Generative AI primarily chatGPT was used throughout the project as an assistant tool. It was used to improve productivity, reliability and efficency while respecting the acadimic conduct. It was utilized in the following ways:

1. It was used as an alternative to python documentation in order to save time, where necessory, on acheiving basic tasks such as changing column name, sorting columns, visualizing null values. In doing so, chatGPT was given a prompt to explain how a certain task is acheived. The responses given by chatGPT improved my understanding of Python, Pandas and Matplotlib. Building on that understanding, I wrote my own code to acheive my project objectives. 

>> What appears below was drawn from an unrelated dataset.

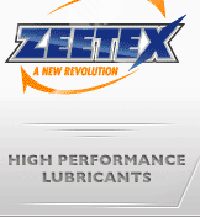 ZEETEX LUBRICANTS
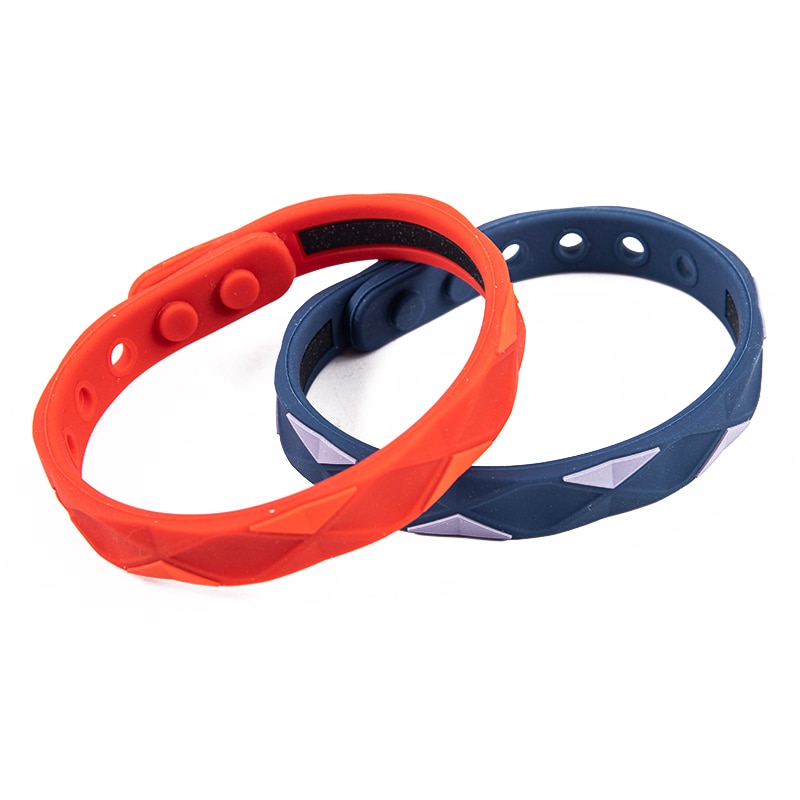 Braccialetto antistatico braccialetto sportivo da basket a ioni negativi equilibrio energetico bracciale da coppia in Silicone impermeabile per uomo e donna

2. It was used to improve my basic understanding of certain concepts. For example when I found a concept difficult to understand, I asked chatGPT to explain it to me in layman terms. The explaination gived by GPT improved my understanding which in trun helped me write better code. 
3. In certain cased, it was used to generate python functions to acheive a specific task. For example, it was used to write a funciton that create a categoty column based on different quantiles of Z-scores.

The above notebook is a creation of my own mind. ChatGPT was used as an extension to it in the ways listed above. The creation of the above code involves proper understanding of the underling concepts, careful thinking and problem solving along with many hours spent on improving understanding of concepts, observation, contempulation and solving of problems.